Time and Space Complexity

$n$ ➔ Length of the array

• Time Complexity: $O(n)$

  • Iterates twice over the input array $O(n)+O(n)=O(2n)=O(n)$

• Space Complexity: $O(1)$

  • No extra space is used

Key Modifications

• Counter Logic: The standard increment/decrement of 1 is replaced by weights[i].

• Accumulation: weightCounter uses long to prevent overflow when summing large weights.

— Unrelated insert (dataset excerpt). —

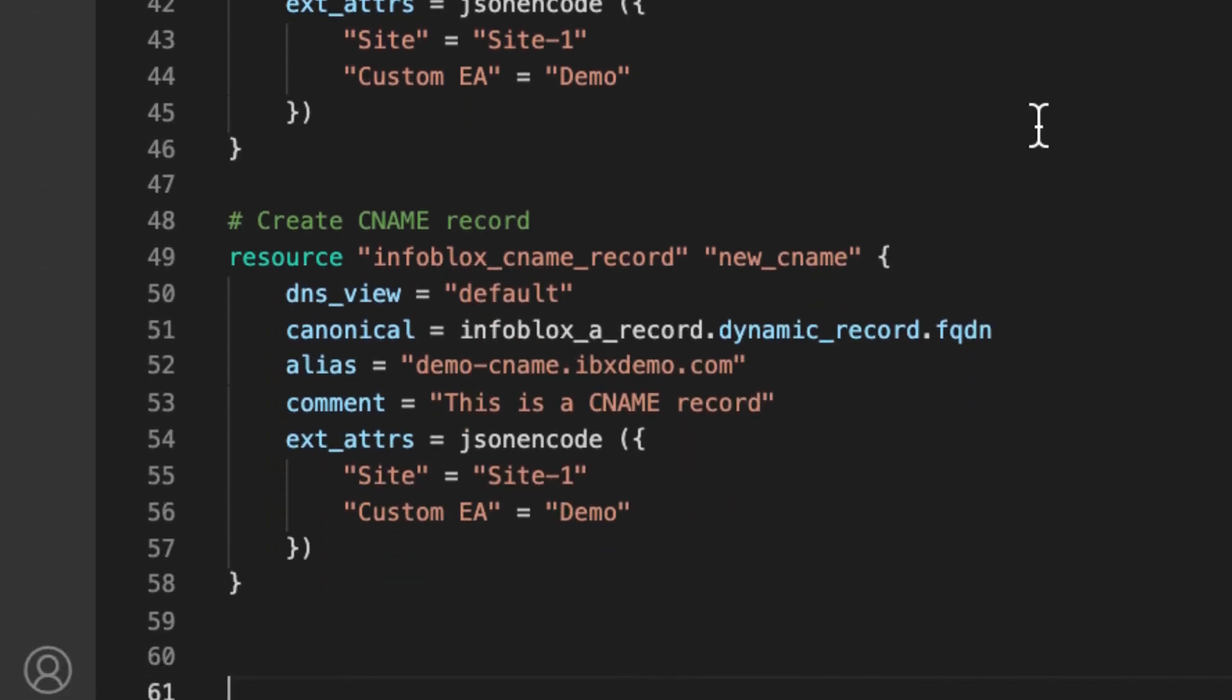The final resource, Infoblox CNAME record, will create a CNAME referring to the newly created A record for a canonical name.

• Threshold: Verification is against totalWeight / 2 rather than n / 2.

Code

class Solution {
    /**
     * Finds the majority element where each element has an associated weight.
     * Requirement: Weight(element) > (TotalWeight / 2)
     */
    public int weightedMajority(int[] nums, int[] weights) {
        if (nums == null || weights == null || nums.length != weights.length || nums.length == 0) {
            throw new IllegalArgumentException("Invalid input: Arrays must be non-empty and of equal length.");
        }

        long weightCounter = 0;
        int candidate = 0;

        // Phase 1: Weighted Candidate Identification
        for (int i = 0; i < nums.length; i++) {
            if (weightCounter == 0) {
                candidate = nums[i];
                weightCounter = weights[i];
            } else if (nums[i] == candidate) {
                weightCounter += weights[i];
            } else {
                weightCounter -= weights[i];
            }
        }

        // Phase 2: Verification
        long totalWeight = 0;
        long candidateWeight = 0;

        for (int i = 0; i < nums.length; i++) {
            totalWeight += weights[i];
            if (nums[i] == candidate) {
                candidateWeight += weights[i];
            }
        }

        if (candidateWeight > totalWeight / 2) {
            return candidate;
        }

        throw new RuntimeException("No weighted majority element found.");
    }
}